To best sell SaaS solutions to SMBs, IDC recommends that vendors focus on the benefits of the solution itself rather than the benefits of an on-demand solution in general. Eventually, Sandler says, SMBs will come around to the benefits of on-demand, such as low implementation costs, quick go-live times, and flexibility. "If you speak to them, it's always been more successful than they thought it would be," Sandler says of SMBs who have implemented SaaS solutions. "It's such a logical way for them to get the software. As they get more comfortable with it and have more services in place, slowly they will accept it."

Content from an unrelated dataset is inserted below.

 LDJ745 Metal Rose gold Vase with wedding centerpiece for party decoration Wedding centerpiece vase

Ramping Up to Service On-Demand

Gartner finds that the rapidly expanding SaaS market will force service providers to position themselves in preparation for the quickly changing landscape of IT software

by Colin Beasty

The market for software-as-a-service (SaaS) continues to pick up steam, having reached $6.3 billion in 2006, and is forecasted to grow to $19.3 billion by year-end 2011, according to new research released by Gartner. "The dysfunction of the client/server era is driving alternative approaches to IT development, delivery, and management, which SaaS is the most apparent version of," says Ben Pring, research vice president for Gartner. "There is a widespread consensus among the movers and shakers of the IT industry that SaaS is an important and meaningful issue which can no longer be regarded as the 'lunatic fringe.'"

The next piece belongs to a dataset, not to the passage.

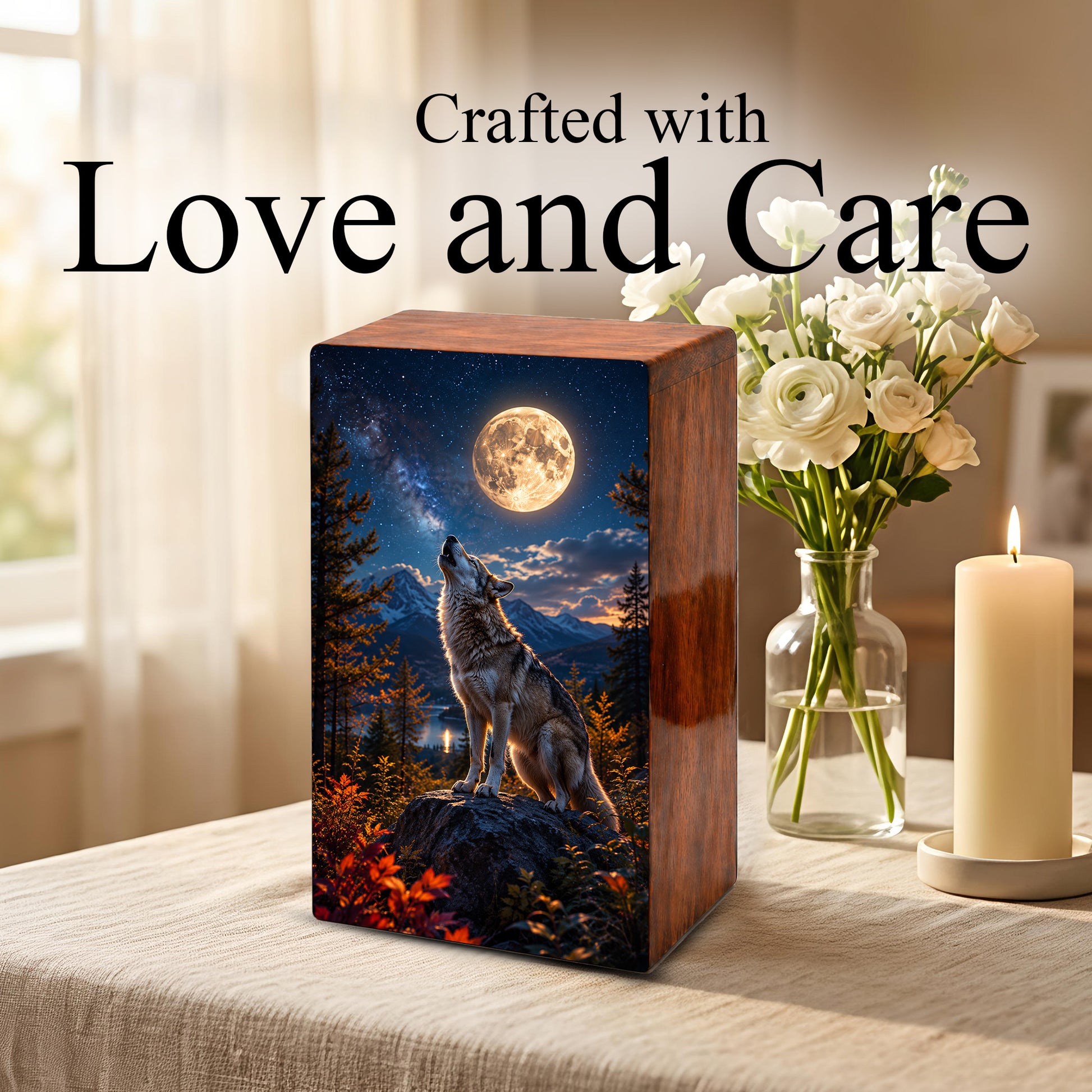 Wolf Urn For Human Ashes Male - Animal Cremation Keepsake Urns For Father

Pring sees SaaS adoption broadening out from areas such as CRM and HR into new areas such as procurement and compliance management. However, the scale of change involved in moving to a SaaS approach is proving hard for many vendors to manage. "Due to the law of large numbers, traditional IT solution models are becoming victims of their own success, while the relative smallness of new approaches facilitates growth much more easily," Pring says. "For large, established IT solution providers, the SaaS market so far hasn't appeared to have enough incremental growth potential to meaningfully contribute to revenue growth. As a result, they have tended to ignore it."

This has left the door open for smaller, newer players, who are now pouring into this gap, Pring says. Incumbent IT solution providers are slowly waking up to this and are entering the market to leverage SaaS market interest. "SaaS is a manifestation of the increasing maturation of software development, deployment, and management. New technologies used in software development and improvements in the underlying development business processes are making software development a more industrialized process."

This maturation will also have a profound influence on the types of services consultants and system integrators will offer, and on the types of IT services that are sourced by enterprises. Some IT services will come to resemble manufacturing, and will have a similar development curve as most manufacturing businesses had during the last quarter of a century--that is, wide movement overseas to lower-cost production centers and overall price deflation, Pring says. Although the SaaS market is still relatively small, service providers need to make important strategic decisions now. Pring says that the scale of change that SaaS will produce requires providers to make the following changes soon so they can keep ahead of the SaaS wave:
Use solutions built on next-generation Web services, SOAs and highly automated server farms to produce multitenant, mass-customizable solutions that facilitate agility while sustaining uniqueness at a reduced cost.

Make strategic decisions around whether to offer SaaS as simply one element of a broader portfolio or to fully evolve toward a SaaS-based delivery model.
Act now because of the scale of change required to successfully exploit SaaS opportunities.
Conduct thorough due diligence to be well placed to take advantage of opportunities and manage risk as the market evolves toward SaaS.

"This potential combination of SaaS and global souring delivery models--two notions that have seemed diametrically opposite up until now--will produce powerful changes in the entire IT industry, and particularly IT service providers," Pring says.